WOODSTOCK
I've been fascinated with the Woodstock festival of 1969 since I think Middle School, but maybe it was High School. I remember babysitting for someone who had both soundtracks on LP and the enormity of the first one (3 LPs in a gatefold sleeve) was literally awesome to me. PBS used to show the movie sometimes and I have a memory of watching it in my parents' den on Thanksgiving. I remember being hypnotized by the epic scope of the whole thing and the naive idealism of the whole thing. Eventually I got the record and the VHS 2-tape set of the movie. I memorized all the songs, all the drum solos and even all the stage patter ("Bugsy to the pink and white tent"). And that Jimi Hendrix jam at the end? Sublime.
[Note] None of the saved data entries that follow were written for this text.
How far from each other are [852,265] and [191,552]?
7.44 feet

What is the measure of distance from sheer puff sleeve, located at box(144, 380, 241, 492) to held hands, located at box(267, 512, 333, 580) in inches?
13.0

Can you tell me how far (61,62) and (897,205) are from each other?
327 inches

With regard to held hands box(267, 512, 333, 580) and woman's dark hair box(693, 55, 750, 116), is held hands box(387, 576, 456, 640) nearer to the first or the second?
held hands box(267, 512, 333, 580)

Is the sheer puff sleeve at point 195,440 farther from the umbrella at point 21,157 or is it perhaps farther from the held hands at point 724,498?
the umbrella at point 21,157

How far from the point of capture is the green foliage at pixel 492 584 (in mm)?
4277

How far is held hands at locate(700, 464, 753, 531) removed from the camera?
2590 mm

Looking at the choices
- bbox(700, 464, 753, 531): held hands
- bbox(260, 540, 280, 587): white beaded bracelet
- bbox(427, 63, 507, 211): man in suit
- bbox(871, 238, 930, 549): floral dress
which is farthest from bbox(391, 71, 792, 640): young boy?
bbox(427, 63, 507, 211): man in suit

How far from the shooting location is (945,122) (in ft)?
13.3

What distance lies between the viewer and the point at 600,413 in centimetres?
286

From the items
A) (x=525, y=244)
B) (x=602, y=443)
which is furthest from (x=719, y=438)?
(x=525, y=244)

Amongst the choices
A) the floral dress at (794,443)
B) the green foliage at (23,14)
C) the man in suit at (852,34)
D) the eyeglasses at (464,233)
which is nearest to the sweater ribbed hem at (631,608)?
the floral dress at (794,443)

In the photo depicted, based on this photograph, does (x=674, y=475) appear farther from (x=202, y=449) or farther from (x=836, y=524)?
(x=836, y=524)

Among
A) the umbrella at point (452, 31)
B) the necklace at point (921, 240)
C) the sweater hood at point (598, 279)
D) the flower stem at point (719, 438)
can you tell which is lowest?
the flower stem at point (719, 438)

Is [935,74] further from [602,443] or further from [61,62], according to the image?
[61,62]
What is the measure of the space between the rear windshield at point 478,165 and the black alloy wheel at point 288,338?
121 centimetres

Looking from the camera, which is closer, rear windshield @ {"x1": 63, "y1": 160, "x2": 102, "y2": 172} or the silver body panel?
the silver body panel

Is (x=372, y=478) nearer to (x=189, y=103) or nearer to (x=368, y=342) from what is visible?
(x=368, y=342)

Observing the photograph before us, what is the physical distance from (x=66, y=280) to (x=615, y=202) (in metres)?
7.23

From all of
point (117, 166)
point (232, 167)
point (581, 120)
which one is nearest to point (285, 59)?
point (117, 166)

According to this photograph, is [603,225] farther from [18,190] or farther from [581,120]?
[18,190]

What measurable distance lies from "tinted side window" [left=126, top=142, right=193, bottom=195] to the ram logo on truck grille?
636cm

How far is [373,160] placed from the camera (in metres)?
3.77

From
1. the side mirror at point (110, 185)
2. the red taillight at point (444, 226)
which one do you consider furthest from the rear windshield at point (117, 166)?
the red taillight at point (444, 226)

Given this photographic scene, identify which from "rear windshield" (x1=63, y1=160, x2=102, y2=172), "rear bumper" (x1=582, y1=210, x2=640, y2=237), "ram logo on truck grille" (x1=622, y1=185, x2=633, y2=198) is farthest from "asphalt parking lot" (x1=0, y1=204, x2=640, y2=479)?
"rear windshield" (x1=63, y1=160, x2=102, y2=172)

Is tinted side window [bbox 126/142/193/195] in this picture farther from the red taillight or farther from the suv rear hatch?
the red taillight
I got used to the tape and then finally saw the widescreen version which is an entirely different experience. I never realized there were 3 images on the screen almost all the time! Eventually, years later, I got the CD of the soundtrack and it was great to have it, but it was the same old thing.
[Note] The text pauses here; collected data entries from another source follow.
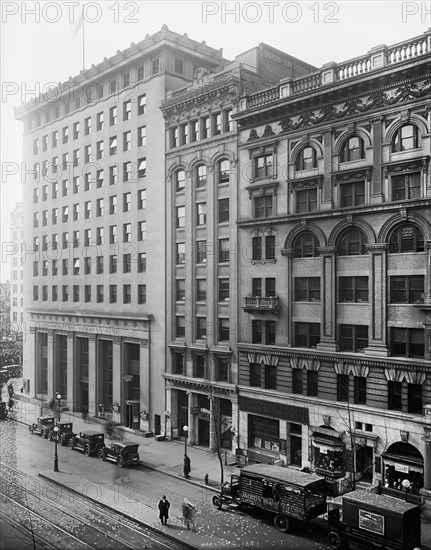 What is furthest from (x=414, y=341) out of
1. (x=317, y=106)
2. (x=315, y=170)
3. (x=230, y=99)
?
(x=230, y=99)

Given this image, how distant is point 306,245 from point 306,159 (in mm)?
6185

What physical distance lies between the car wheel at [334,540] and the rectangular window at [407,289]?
14.9 meters

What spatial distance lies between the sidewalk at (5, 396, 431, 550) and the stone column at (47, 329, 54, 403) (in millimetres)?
7507

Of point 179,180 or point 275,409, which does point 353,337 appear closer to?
point 275,409

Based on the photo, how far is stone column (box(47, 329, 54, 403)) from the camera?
65.3 metres

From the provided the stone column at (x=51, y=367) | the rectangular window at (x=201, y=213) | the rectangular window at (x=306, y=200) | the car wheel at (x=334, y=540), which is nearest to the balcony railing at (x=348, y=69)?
the rectangular window at (x=306, y=200)

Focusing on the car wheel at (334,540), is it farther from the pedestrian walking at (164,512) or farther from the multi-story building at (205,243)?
the multi-story building at (205,243)

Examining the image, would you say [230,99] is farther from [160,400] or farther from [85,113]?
[160,400]

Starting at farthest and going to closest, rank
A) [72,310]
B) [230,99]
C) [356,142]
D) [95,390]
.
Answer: [72,310] → [95,390] → [230,99] → [356,142]

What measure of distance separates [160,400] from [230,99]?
26874 millimetres

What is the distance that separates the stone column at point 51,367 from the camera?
6531 centimetres

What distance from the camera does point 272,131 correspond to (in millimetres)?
42406

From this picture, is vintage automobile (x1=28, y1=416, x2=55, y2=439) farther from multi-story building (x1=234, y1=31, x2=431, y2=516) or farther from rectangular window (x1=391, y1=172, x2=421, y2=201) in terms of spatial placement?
rectangular window (x1=391, y1=172, x2=421, y2=201)

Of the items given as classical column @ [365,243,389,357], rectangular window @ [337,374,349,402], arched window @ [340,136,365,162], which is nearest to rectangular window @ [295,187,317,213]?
arched window @ [340,136,365,162] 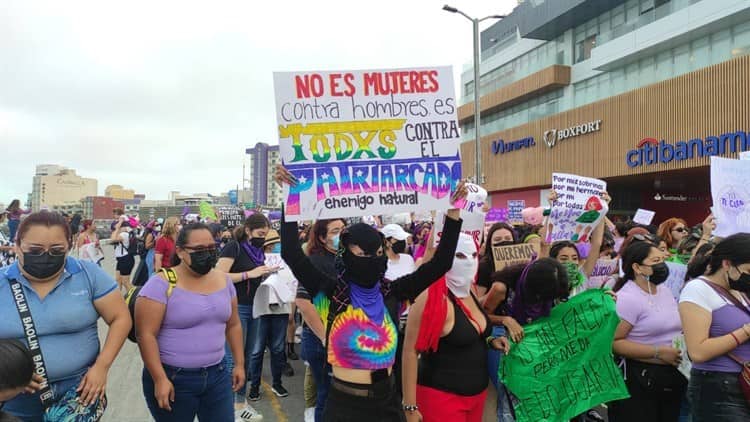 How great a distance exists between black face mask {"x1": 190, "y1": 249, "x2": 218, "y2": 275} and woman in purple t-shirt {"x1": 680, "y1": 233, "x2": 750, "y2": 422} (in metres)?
2.84

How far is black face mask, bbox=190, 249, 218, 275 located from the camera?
3.31 metres

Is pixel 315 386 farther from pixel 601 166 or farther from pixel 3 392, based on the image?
pixel 601 166

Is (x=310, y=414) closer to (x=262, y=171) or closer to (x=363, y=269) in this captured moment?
(x=363, y=269)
1989 rolled around and all the Woodstock 20th anniversary nostalgia hit and I saw the movie again, listened to the music again and wished I'd been there again. Of course, the 1994 and 1999 sequels were disgusting and a stain on the name of Woodstock. I even started to write a song about it: "Woodstock 94/What did they do it for?/Did Crosby Stills and Nash/Really need the cash?" Yeah, rhyming four and for. Genius.
Anyway, Flash forward to the internet age. I found online a bootleg download of the COMPLETE Woodstock concert. TWENTY CDs worth of material. Luckily I had an iPod at that point and spent a summer listening to that entire 3 days of peace and music in the car. Yeah, some of it was terribly audio quality and some of it was hippie-dippy folksy crap, but there was a ton of fantastic stuff in there I'd never heard. For example, Santana's Soul Sacrifice is mind-blowing on the orginal album, but it's like 4 minutes longer in the original recording; Abbie Hoffman crashing the Who's performance; Canned Heat's Woodstock Boogie and innumerable other bits. It was a bit overwhelming, but it gave a real sense of what it was like to be there. The romanticism was stripped away and the sublime rode shotgun to the mundane. That made it somehow even better.
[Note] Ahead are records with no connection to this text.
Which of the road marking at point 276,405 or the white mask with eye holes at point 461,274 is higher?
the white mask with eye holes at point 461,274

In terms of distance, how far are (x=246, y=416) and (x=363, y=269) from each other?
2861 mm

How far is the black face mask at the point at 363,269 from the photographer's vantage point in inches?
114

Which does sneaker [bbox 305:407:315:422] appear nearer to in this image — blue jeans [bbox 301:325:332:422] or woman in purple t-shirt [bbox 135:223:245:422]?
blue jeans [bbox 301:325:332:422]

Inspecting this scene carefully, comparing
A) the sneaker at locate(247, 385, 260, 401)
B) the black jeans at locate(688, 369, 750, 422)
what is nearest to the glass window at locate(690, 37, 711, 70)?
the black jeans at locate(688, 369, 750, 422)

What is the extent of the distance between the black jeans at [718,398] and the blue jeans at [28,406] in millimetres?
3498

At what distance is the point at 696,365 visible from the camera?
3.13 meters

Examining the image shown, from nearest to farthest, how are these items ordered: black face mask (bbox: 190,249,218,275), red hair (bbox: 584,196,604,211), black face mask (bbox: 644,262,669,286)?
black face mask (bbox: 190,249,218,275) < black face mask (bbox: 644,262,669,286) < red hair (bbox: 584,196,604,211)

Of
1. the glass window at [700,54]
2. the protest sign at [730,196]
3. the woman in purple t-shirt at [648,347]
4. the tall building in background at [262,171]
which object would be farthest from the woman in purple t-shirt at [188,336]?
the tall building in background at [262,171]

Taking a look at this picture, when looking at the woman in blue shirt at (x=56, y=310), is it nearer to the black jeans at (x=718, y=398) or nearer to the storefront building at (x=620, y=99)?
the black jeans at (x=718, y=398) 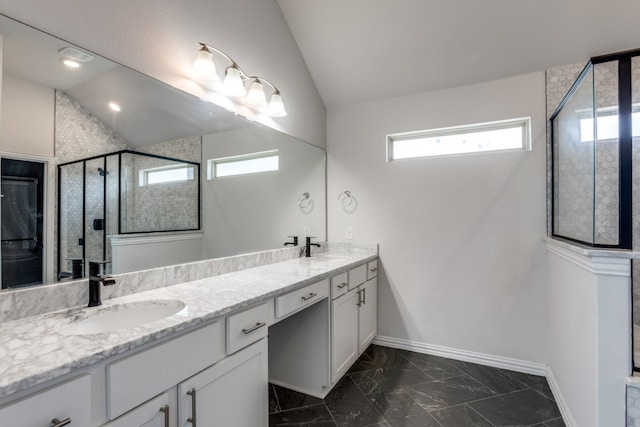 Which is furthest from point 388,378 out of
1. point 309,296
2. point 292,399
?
point 309,296

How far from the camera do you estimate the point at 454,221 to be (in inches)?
104

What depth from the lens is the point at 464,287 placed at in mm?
2629

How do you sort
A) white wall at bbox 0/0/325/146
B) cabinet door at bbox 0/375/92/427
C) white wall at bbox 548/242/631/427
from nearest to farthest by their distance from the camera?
cabinet door at bbox 0/375/92/427 → white wall at bbox 0/0/325/146 → white wall at bbox 548/242/631/427

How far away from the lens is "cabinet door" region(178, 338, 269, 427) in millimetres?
1114

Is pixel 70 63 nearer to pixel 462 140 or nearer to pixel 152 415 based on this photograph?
pixel 152 415

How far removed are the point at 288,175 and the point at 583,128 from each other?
2030 mm

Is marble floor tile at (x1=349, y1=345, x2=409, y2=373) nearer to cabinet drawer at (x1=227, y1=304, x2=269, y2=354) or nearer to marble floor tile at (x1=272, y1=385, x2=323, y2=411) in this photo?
marble floor tile at (x1=272, y1=385, x2=323, y2=411)

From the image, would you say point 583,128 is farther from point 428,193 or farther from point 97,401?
point 97,401

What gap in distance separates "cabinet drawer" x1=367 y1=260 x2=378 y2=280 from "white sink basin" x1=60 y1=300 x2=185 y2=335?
1.73 m

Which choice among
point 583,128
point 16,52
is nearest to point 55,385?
point 16,52

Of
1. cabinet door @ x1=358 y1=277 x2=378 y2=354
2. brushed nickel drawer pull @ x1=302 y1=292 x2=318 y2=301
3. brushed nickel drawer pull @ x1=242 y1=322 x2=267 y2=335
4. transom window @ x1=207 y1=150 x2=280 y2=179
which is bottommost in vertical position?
cabinet door @ x1=358 y1=277 x2=378 y2=354

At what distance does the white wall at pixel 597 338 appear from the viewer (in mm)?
1408

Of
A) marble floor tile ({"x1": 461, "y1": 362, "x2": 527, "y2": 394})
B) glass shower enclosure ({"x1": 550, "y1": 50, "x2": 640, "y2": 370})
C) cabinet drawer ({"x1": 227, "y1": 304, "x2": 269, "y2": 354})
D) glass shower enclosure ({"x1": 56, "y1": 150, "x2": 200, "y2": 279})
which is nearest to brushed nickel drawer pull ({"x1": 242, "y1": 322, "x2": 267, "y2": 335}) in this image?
cabinet drawer ({"x1": 227, "y1": 304, "x2": 269, "y2": 354})

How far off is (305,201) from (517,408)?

Last year the super-elongated Director's Cut of the film came out and watching that was just as amazing as listening to the entire thing on audio was. The whole vibe was just groovy. Somebody jumped on stage during Canned Heat's performance and took a cigarette from the singer's pocket. No biggie. Everyone was, to put it bluntly, being nice to each other. There were huge problems and lousy weather, but they made the most of it and, as a whole, enjoyed themselves and each other. Beautiful.
An official 6 disc set of the concert came out last year. It's got tons of great performances, edited for sound quality and tightness and it's fantastic. I'm in the middle of listening to that again. Something about the summer makes me want to listen to that stuff again. Coincidentally, the film Taking Woodstock is on cable this month so I DVRd it and I just finished it. It wasn't a GREAT film, but it was certainly enjoyable. I particularly loved the way they spun certain things about the original documentary film from a new perspective. Again, it showed the mundane and the human side along with the epic scale of the whole thing. Eugene Levy was perfect as Max Yasgur.
I am sure that I've got a romanticized vision of the whole thing and if I was there, and of age, I would have been aching to go home by the time CCR took the stage at 2:00am or whatever. But the more I see and hear about it, the more I am awed by the event itself as well as the performances.
Santana's Soul Sacrifice, Ten Years After's I'm Going Home and Jimi Hendrix's Star Spangled Banner/Purple Haze/Improvisation are some of the most amazing performances ever recorded, in my book.
So, what's my point? I don't know, I was just all enmeshed in the appreciation and thought I'd share it with you. Beautiful.